In this scenario, our Data Scientist has already trained and registered a predictive machine learning model with Fabric using the Fabric Data Science workload.

The Predictive Model

The model is registered in our Fabric Workspace with the name Customer_Spend_Model. Reviewing the image below, we can see the model takes as input a list of customer demographics--such as CustomerAge and YearlyIncome. In all there are 10 demographic features used as input to the model.

The predictive model was trained on a set of approximately 9,000 current customers with known lifetime sales volume. When a new customer's demographics are fed to the model's Input schema, the model will predict the future SalesAmount for the new customer as the only field in the Output schema.
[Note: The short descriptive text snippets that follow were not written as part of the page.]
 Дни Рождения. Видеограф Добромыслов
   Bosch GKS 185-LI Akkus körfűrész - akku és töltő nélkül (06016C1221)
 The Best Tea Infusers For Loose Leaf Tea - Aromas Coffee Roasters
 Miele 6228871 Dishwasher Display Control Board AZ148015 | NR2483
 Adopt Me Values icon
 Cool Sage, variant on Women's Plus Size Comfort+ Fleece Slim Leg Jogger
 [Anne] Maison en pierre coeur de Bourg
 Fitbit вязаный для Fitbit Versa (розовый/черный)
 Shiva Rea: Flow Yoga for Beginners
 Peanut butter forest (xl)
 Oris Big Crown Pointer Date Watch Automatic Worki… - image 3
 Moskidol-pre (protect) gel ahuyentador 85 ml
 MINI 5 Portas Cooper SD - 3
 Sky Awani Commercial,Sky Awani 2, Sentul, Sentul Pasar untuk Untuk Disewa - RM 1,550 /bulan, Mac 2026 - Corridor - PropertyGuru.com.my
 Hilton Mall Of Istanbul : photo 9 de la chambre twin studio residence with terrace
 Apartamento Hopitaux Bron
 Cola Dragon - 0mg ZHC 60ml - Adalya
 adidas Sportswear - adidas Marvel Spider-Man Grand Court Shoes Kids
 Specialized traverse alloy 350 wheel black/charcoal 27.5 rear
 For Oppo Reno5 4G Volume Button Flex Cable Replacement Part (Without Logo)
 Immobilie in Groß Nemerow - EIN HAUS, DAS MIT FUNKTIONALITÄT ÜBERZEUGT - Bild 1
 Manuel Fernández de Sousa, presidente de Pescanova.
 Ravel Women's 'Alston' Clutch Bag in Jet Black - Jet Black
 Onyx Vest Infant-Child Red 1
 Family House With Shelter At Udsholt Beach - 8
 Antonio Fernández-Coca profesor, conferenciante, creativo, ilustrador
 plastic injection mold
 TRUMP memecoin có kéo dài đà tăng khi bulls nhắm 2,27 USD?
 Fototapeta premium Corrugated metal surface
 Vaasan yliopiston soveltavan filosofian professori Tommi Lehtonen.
The ML Model registerd with Fabric's MLflow catalog

The Input Table

In this example, we've received a set of 100 new customers, and stored them as a Delta table in Fabric. A subset of the input table is below.

💡

Note that the table contains columns that exactly match the Input schema of the Customer_Spend_Model.

The input table illustrated below doesn't include a column for SalesAmount. These are new customers, and we'll use the model to predict what the lifetime value of these new customers will be based on what we know of past customers.

💡

The end result of this process is to append a new column to the data frame that contains a predicted sales amount.

Using the Fabric PREDICT function

While we could write code to iterate over the table and predict each row's value, in the Fabric data lake environment there's an easier way.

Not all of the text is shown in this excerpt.